══ DATA PROVIDED ══

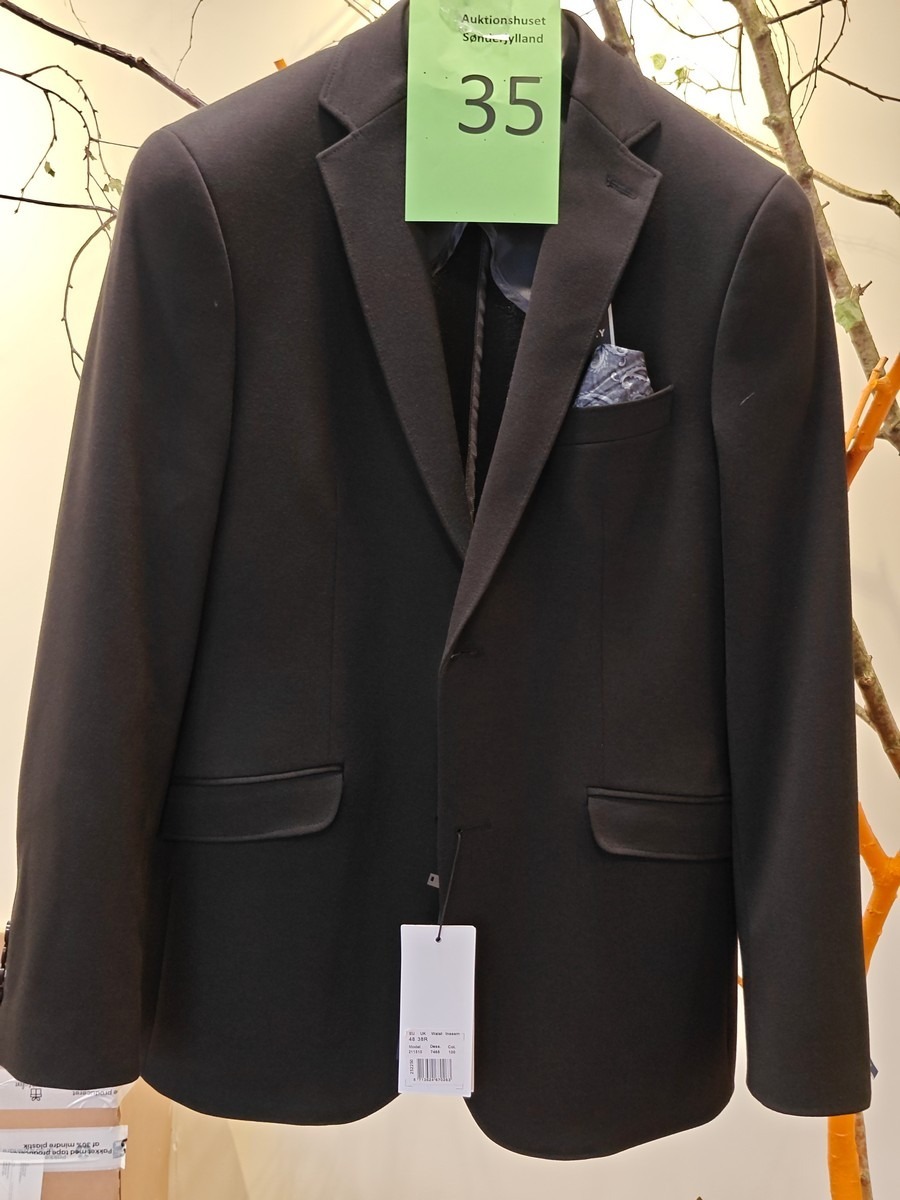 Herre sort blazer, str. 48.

═══
══ DATA PROVIDED ══

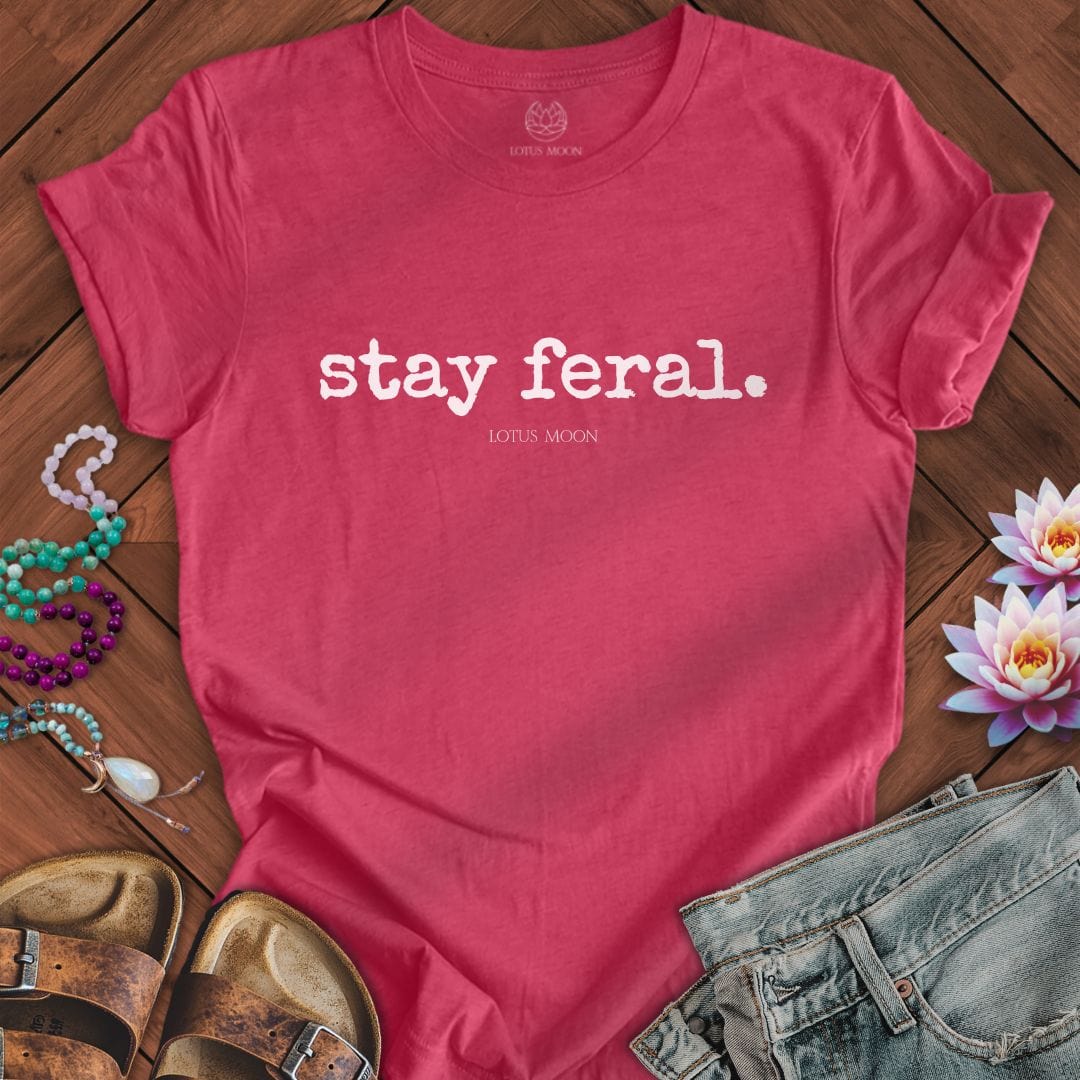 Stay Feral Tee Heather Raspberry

═══
══ DATA PROVIDED ══

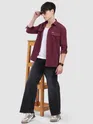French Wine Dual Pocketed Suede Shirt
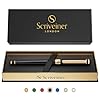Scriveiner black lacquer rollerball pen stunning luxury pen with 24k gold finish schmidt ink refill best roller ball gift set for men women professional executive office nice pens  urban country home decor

═══

PROBLEM DESCRIPTION -
Start with the line with "French Wine Dual Pocketed Suede Shirt" in the listing above and stop after the line with "Scriveiner black lacquer". Write out exactly the lines in that stretch and no others, without pictures.

TASK SOLUTION -
French Wine Dual Pocketed Suede Shirt
Scriveiner black lacquer rollerball pen stunning luxury pen with 24k gold finish schmidt ink refill best roller ball gift set for men women professional executive office nice pens  urban country home decor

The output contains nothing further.